EXCERPTED RECORDS Start Marker

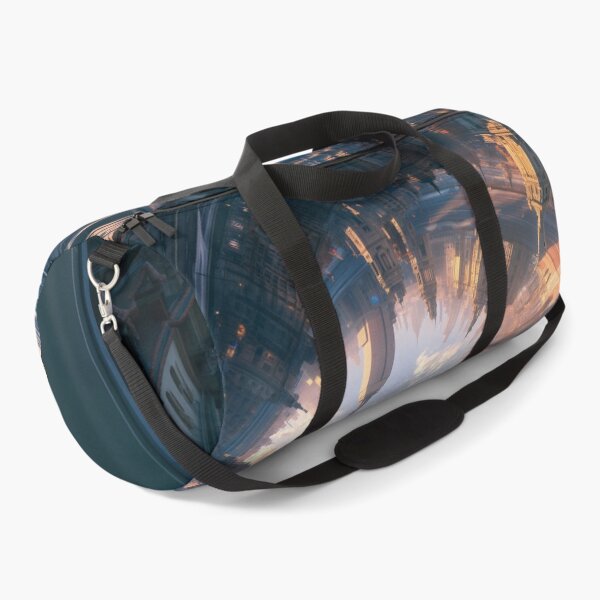 Item preview, The Inverted Metropolis of Time designed and sold by oanaunciuleanu.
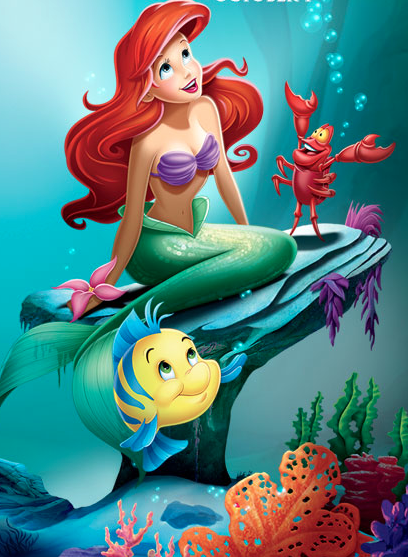 Little Mermaid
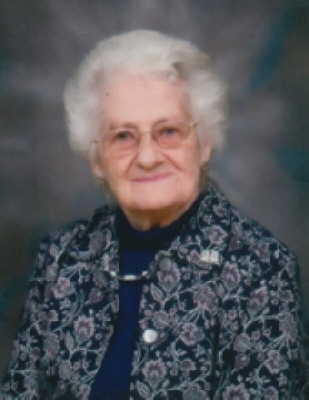 Photo of Margaret Howden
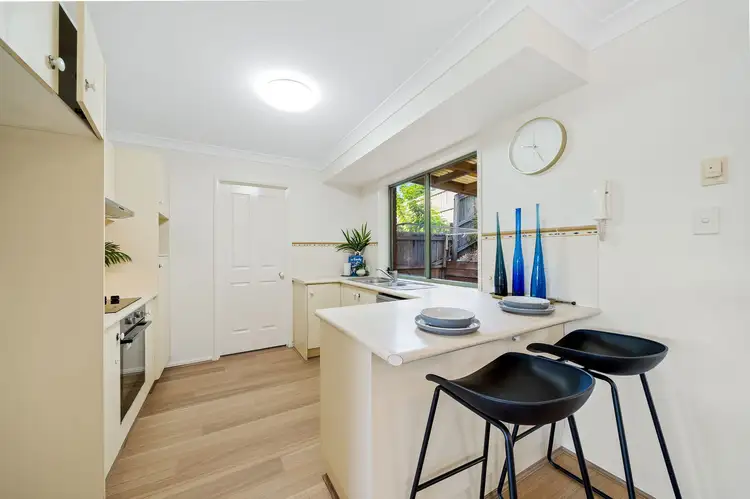 Sixth view of Homely townhouse listing, 47/100 Bordeaux Street, Eight Mile Plains QLD 4113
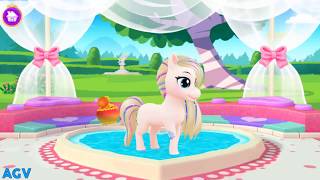 Princess Palace Royal Pony | Educational Children and Babies Game by Libii screenshot 5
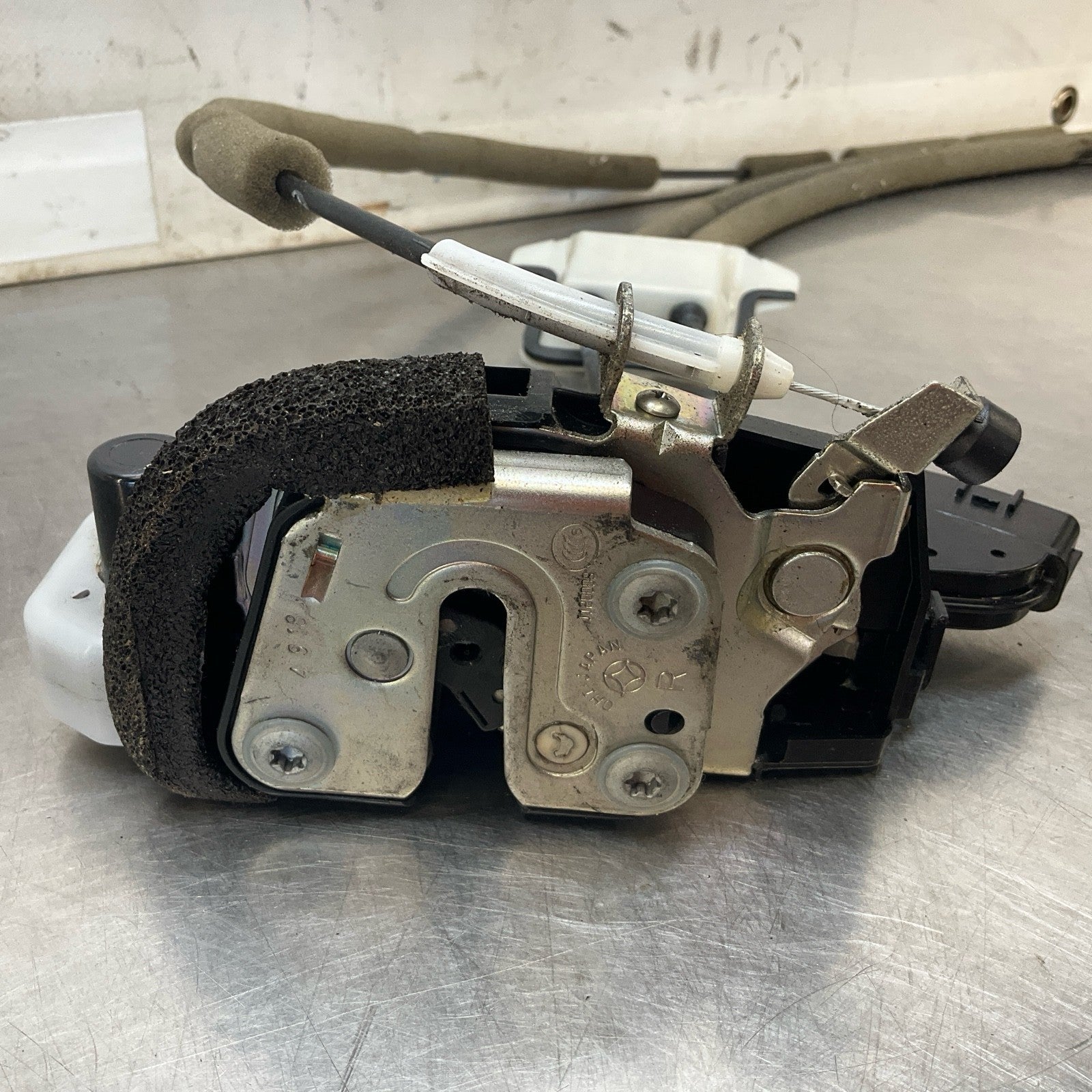 08-15 G37 Q60 Coupe Passenger Door Lock Actuator 80500JL00B Oem 12Bd4Ge - On Point Parts Inc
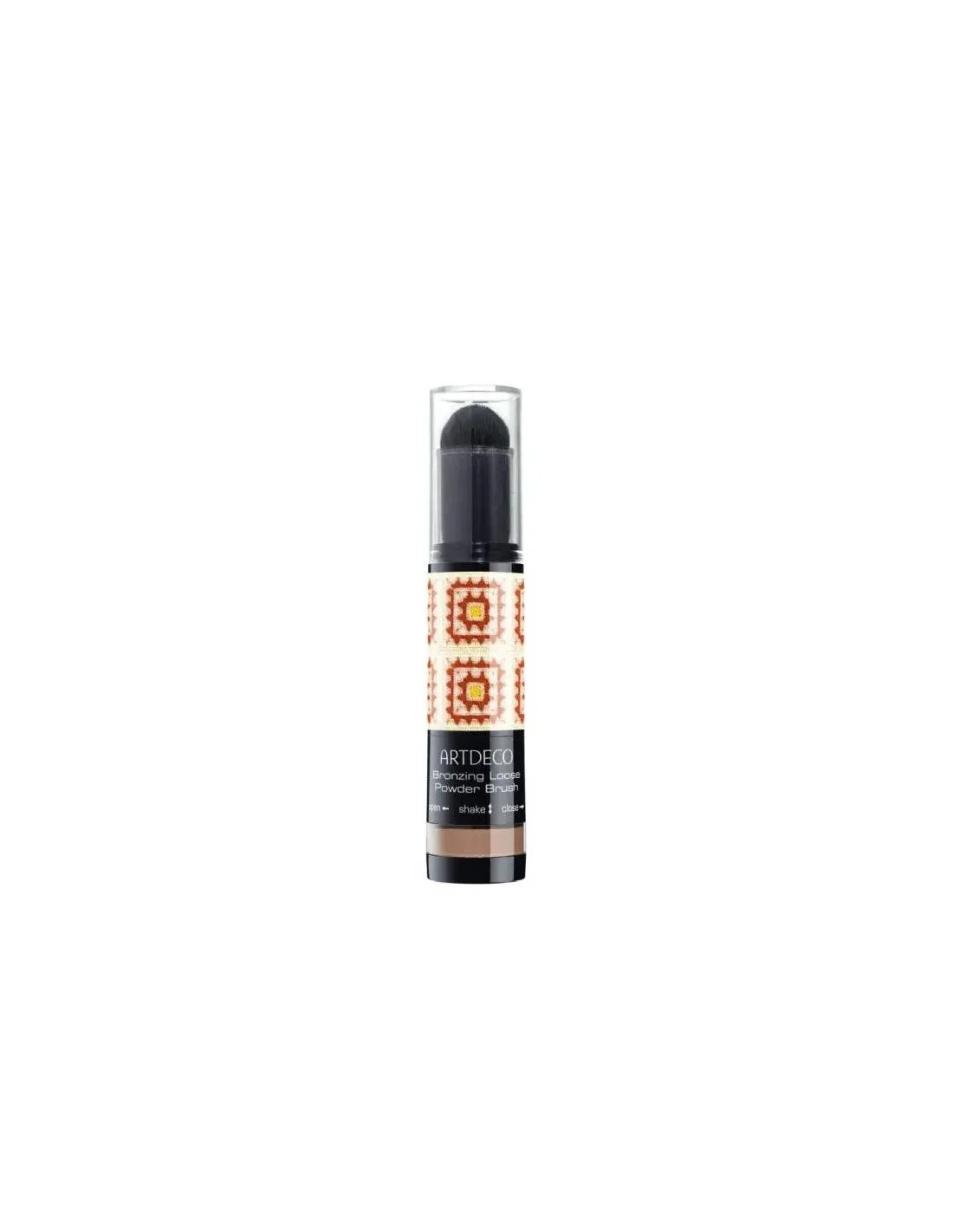 Artdeco Bronzing Loose Powder Brush - Pennello Ombretti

EXCERPTED RECORDS End Marker

## YOUR ASSIGNMENT
Your job is to restate, word for word, only the lines from the one holding "Sixth view of" through the end of the material; pictures stay out.

## ANSWER TO THE EXERCISE
 Sixth view of Homely townhouse listing, 47/100 Bordeaux Street, Eight Mile Plains QLD 4113
 Princess Palace Royal Pony | Educational Children and Babies Game by Libii screenshot 5
 08-15 G37 Q60 Coupe Passenger Door Lock Actuator 80500JL00B Oem 12Bd4Ge - On Point Parts Inc
 Artdeco Bronzing Loose Powder Brush - Pennello Ombretti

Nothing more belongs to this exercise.